Donc, la « victoire » du PS pourrait bien être une victoire en trompe-l’œil. Le recul d’une droite dont la politique est rejetée par la masse de la population laborieuse de ce pays s’est traduit par la victoire concomitante de plusieurs lignes politiques concurrentes et à brève échéance incompatibles. Recordman des élus locaux, le PS pourrait bien avoir perdu du même coup ses chances pour la prochaine présidentielle ainsi que le pensent plusieurs commentateurs. Quoi qu’il en soit, ceux qui croient que cette victoire va à nouveau faire du PS le point de convergence des espoirs de transformation sociale se trompent d’époque. Nous n’avons plus affaire au PS des années 70, au PS de Mitterrand vers lequel les jeunes, les ouvriers, les employés se sont tournés pour trouver un débouché aux puissantes luttes sociales de la fin des années 60 et des années suivantes. Nous avons affaire au PS des Hollande, Royal et autres Rebsamen, un parti de politiciens dépourvus de tout rapport avec les traditions socialistes, de politiciens qui abhorrent plus que tout l’expression « lutte des classes ».
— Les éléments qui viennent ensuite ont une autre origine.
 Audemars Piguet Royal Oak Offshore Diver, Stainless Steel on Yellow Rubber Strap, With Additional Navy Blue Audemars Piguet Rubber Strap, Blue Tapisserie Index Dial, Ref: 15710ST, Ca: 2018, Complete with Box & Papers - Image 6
Cela ne veut pas dire que la voie d’un nouveau parti est grande ouverte. Le modèle allemand « Die Linke » est séduisant : l’union de la gauche du SPD et des ex-communistes est d’ores et déjà la troisième force politique du pays. Mais la situation française est bien différente. Les institutions de la Ve République rendent très difficile l’émergence d’un nouveau parti et le PS n’est pas encore pleinement dans une coalition avec la droite comme l’est la SPD avec Mme Merkel. Les lignes de la recomposition et de la reconstruction d’une gauche honnête sont encore hésitantes, et, comme nous avons commencé à le faire sur ce site(voir La leçon d’Évreux), il serait nécessaire de faire un recensement complet de toutes les situations locales pour y voir plus clair. Cependant, l’année 2009 va obliger tous les partis, tous les groupes à se déterminer. Nous allons avoir des élections pour désigner les représentants français au « Parlement européen » [4]. Ces élections se font par un scrutin de liste à la proportionnelle. La gauche anti-TCE, la gauche qui refuse de sacrifier les services publics et la protection sociale aux dogmes dominants, la gauche qui veut défendre les travailleurs (et pas seulement les classes moyennes supérieures qui tirent parti de la mondialisation), cette gauche-là a une chance de s’affirmer et de jeter toutes ses forces dans la bataille pour être disposée comme il convient face aux échéances à venir. Ce sera l’occasion de voir ce que valent les paroles des uns et des autres.